Sotto le correzioni in corsa, per l’opposizione, resta il difetto di origine: “Il bando è stato approvato dalla vecchia giunta in campagna elettorale, senza il coinvolgimento dei nuovi assessori allo Sport e al Sociale, Alessandro Orlando e Marina Colasante. Fino al voto del 22 maggio il bando veniva presentato come già pronto e la riapertura della piscina come imminente”.

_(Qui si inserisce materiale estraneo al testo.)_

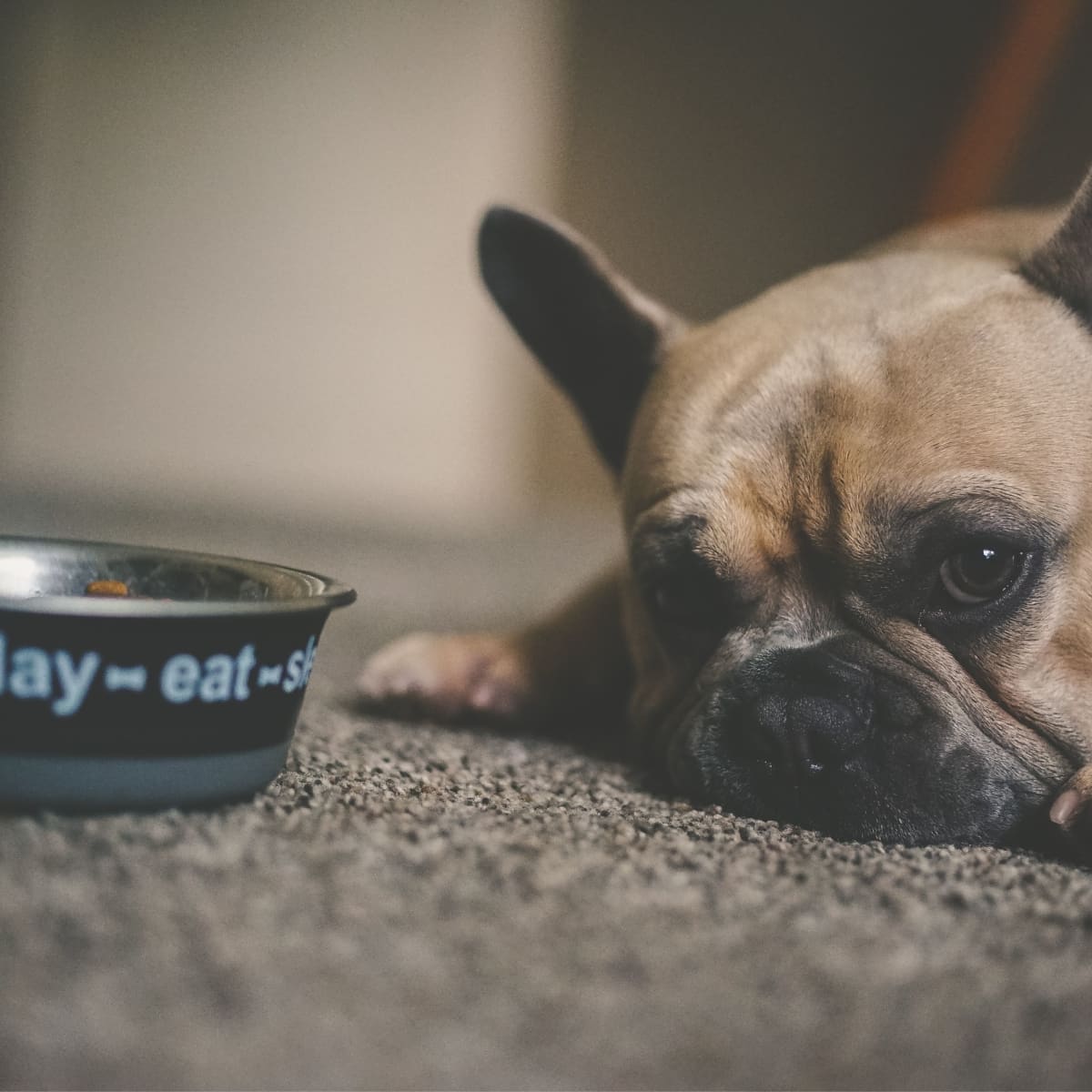 What happens when dog eats chicken bone sale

Non convincono nemmeno le giustificazioni del Sindaco sulla scelta di riservare il bando alle sole associazioni e società sportive senza fini di lucro: “Secondo il primo cittadino, il canone annuo di 6.000 euro avrebbe scoraggiato le società dal farsi avanti, e per questo si è optato per l’affidamento gratuito. Ma l’avviso stima il valore dell’affidamento tra 980mila e 2 milioni e 940mila euro e mette a carico del gestore l’intera ristrutturazione, senza un euro di contributo comunale. Chi affronta un impegno di quella portata non rinuncia per 6.000 euro l’anno: il vero ostacolo non era il canone.

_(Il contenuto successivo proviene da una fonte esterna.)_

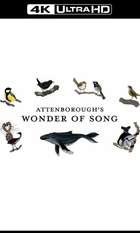Attenborough's Wonder of Song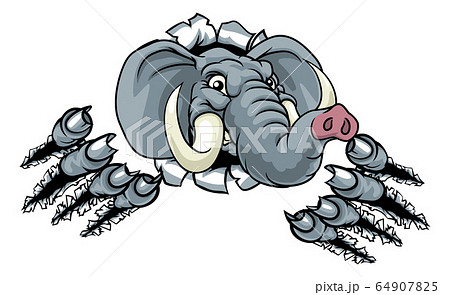 Elephant Sports Animal Mascot 64907825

Per una concessione di tale valore serviva una gara aperta a tutti gli operatori, con più concorrenza e un’entrata per le casse comunali. Resta il nodo di fondo, ricordato dallo stesso bando: nel 2019, ultimo anno di gestione, la piscina ha prodotto 195.856 euro di ricavi contro 236.752 euro di costi. Il Comune chiede a un’associazione senza scopo di lucro di gestire per almeno cinque anni un impianto che nel 2019 perdeva 41.000 euro”.
Grande Guardiagrele annuncia che continuerà a vigilare su ogni fase della procedura, a partire dalle modifiche introdotte senza che il consiglio comunale ne sia stato informato, perché il progetto finale garantisca tariffe e spazi adeguati a scuole, disabili e famiglie.